** TASK DIRECTIONS **
Could the entries below be transcribed word for word, with the pictures omitted?

** DATA FOR REVIEW **
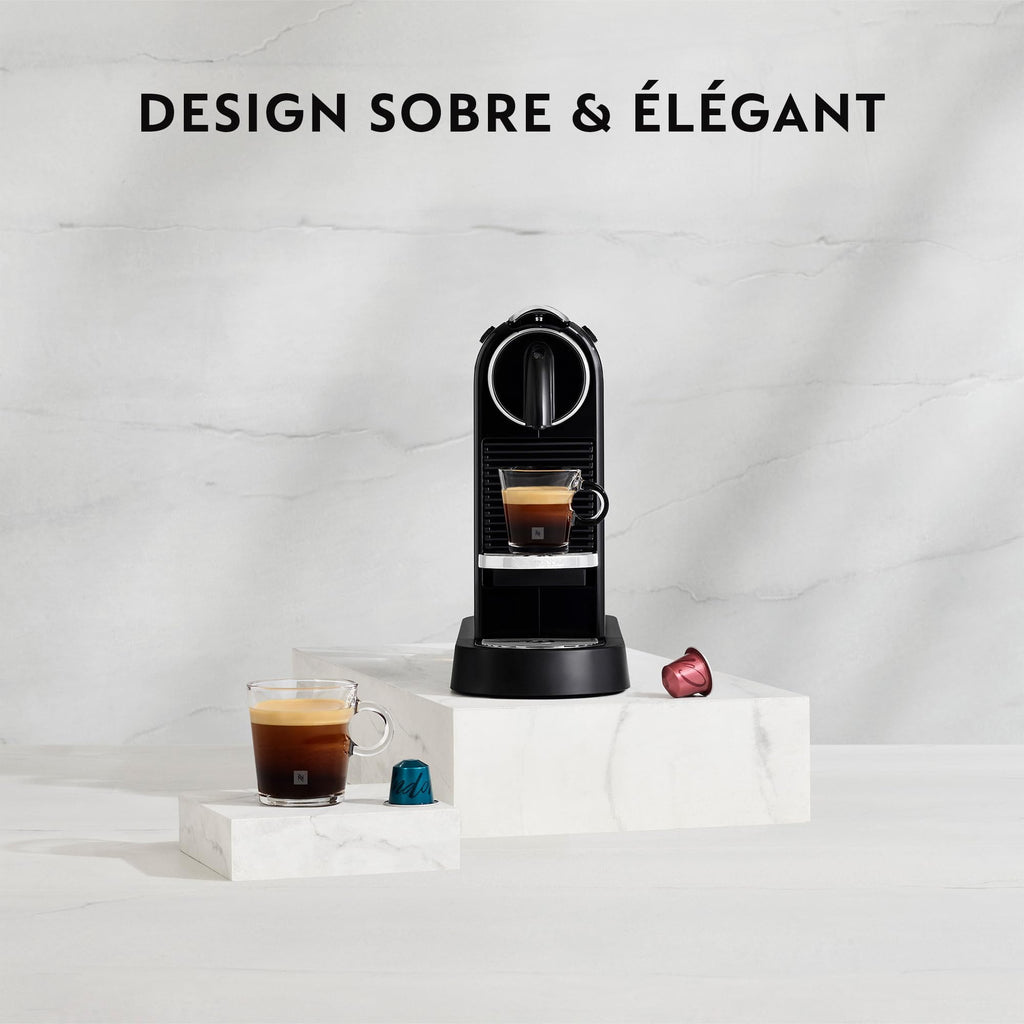 Machine à Café Citiz Noir, 19 Bars + Kit de Bienvenue, Design Moderne, Expresso et Lungo, Arrêt Automatique, Noir - Delaria Exclusive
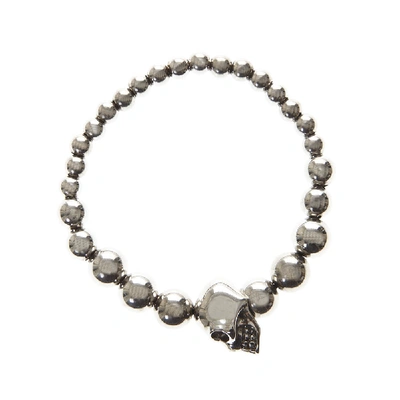 Alexander Mcqueen Metal Silver Pearl Skull Bracelet In Not Applicable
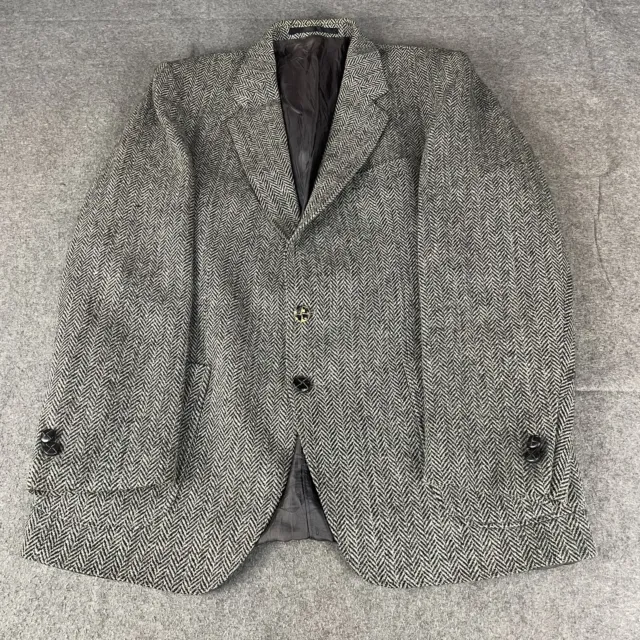 Vintage HARRIS TWEED Jacket Mens 40R Grey Herringbone Country Weave Blazer Coat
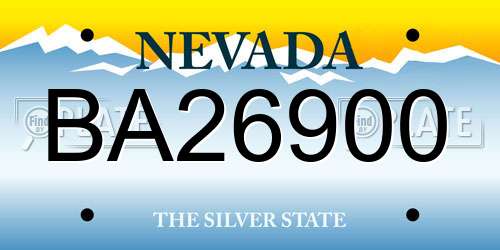 BA26900 Nevada License Plate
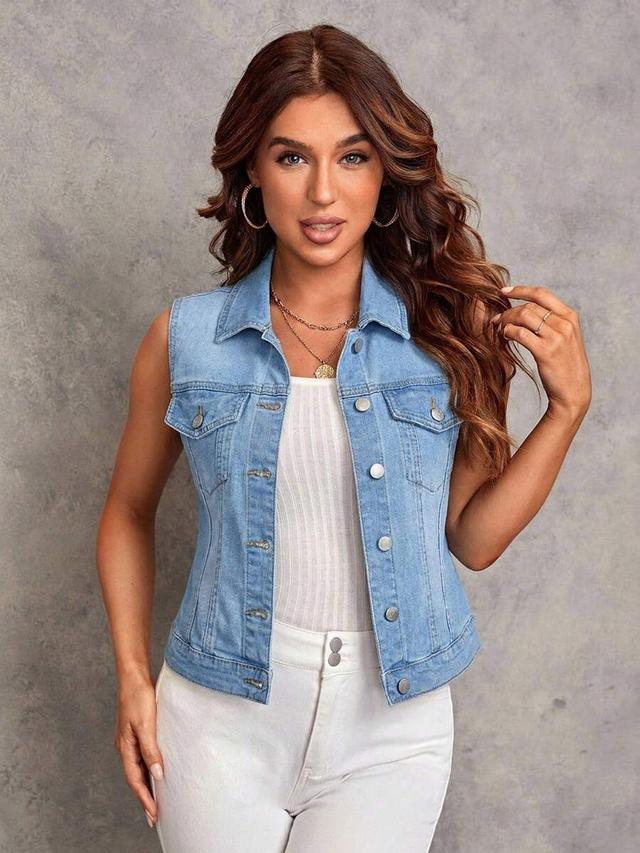 light wash denim sleeveless vest jacket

** FINISHED TASK **
 Machine à Café Citiz Noir, 19 Bars + Kit de Bienvenue, Design Moderne, Expresso et Lungo, Arrêt Automatique, Noir - Delaria Exclusive
 Alexander Mcqueen Metal Silver Pearl Skull Bracelet In Not Applicable
 Vintage HARRIS TWEED Jacket Mens 40R Grey Herringbone Country Weave Blazer Coat
 BA26900 Nevada License Plate
 light wash denim sleeveless vest jacket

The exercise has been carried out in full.